Stored items
%%

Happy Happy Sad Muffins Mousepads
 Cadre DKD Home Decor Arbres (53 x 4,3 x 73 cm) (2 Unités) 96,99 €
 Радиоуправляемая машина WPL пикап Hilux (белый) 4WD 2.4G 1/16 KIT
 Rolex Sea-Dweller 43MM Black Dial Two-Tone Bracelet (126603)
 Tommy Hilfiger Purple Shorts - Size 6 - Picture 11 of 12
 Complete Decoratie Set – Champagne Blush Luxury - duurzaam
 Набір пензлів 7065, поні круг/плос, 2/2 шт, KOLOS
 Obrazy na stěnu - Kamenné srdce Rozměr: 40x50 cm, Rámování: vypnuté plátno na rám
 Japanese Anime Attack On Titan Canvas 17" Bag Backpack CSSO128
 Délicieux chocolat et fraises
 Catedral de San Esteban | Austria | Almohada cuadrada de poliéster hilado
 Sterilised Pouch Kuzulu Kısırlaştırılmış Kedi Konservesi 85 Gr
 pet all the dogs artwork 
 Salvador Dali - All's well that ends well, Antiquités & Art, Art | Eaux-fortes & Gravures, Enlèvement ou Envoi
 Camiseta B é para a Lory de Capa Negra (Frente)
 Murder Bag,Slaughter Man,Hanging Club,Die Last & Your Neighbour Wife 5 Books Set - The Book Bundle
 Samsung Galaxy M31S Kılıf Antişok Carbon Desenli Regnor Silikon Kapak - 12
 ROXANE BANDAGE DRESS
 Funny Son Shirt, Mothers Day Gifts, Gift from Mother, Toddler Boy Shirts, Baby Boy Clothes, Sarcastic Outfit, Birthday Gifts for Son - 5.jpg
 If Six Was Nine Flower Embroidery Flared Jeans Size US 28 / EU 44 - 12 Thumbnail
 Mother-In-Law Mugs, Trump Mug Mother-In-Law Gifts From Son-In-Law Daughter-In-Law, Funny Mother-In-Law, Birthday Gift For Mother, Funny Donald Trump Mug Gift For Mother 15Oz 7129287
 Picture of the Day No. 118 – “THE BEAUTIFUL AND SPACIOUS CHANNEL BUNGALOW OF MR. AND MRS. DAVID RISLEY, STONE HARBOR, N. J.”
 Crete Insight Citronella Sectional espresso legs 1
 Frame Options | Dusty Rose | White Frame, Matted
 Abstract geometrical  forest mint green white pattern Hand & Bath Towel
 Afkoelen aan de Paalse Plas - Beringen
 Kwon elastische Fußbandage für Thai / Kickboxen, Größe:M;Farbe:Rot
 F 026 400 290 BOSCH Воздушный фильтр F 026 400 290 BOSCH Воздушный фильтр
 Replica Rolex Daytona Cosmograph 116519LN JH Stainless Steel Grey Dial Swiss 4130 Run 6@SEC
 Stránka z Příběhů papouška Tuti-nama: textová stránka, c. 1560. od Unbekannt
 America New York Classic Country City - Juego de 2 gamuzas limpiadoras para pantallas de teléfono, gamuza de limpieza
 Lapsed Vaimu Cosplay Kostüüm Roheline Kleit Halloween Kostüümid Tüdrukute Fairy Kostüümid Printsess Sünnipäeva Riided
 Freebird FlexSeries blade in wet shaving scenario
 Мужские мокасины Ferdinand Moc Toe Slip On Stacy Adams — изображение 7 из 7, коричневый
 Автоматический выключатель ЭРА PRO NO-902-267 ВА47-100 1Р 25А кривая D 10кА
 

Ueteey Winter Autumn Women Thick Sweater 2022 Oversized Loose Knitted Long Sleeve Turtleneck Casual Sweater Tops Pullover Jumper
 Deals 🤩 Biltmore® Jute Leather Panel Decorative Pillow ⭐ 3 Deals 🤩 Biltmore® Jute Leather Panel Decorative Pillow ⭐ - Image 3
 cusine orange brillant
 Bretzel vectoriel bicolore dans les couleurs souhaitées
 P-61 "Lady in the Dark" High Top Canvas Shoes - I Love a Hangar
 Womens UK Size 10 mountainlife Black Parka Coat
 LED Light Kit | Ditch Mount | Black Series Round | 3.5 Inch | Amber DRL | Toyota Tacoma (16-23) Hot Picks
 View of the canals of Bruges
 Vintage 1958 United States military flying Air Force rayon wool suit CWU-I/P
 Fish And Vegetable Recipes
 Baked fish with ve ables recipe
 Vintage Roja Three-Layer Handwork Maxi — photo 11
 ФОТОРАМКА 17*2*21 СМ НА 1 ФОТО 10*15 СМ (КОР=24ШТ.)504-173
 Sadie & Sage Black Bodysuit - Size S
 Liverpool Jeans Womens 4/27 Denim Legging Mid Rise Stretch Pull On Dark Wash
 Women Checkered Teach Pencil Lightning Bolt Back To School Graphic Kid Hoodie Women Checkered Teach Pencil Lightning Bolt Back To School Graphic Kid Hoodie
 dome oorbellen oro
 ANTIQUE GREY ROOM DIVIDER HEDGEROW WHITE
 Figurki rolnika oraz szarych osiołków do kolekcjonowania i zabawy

%%

● **Aim of the exercise**: Retype the first line of the entries and every line after it, please, through the line that contains "Sterilised Pouch Kuzulu". Add nothing.

● **Solution for this exercise**:
Happy Happy Sad Muffins Mousepads
 Cadre DKD Home Decor Arbres (53 x 4,3 x 73 cm) (2 Unités) 96,99 €
 Радиоуправляемая машина WPL пикап Hilux (белый) 4WD 2.4G 1/16 KIT
 Rolex Sea-Dweller 43MM Black Dial Two-Tone Bracelet (126603)
 Tommy Hilfiger Purple Shorts - Size 6 - Picture 11 of 12
 Complete Decoratie Set – Champagne Blush Luxury - duurzaam
 Набір пензлів 7065, поні круг/плос, 2/2 шт, KOLOS
 Obrazy na stěnu - Kamenné srdce Rozměr: 40x50 cm, Rámování: vypnuté plátno na rám
 Japanese Anime Attack On Titan Canvas 17" Bag Backpack CSSO128
 Délicieux chocolat et fraises
 Catedral de San Esteban | Austria | Almohada cuadrada de poliéster hilado
 Sterilised Pouch Kuzulu Kısırlaştırılmış Kedi Konservesi 85 Gr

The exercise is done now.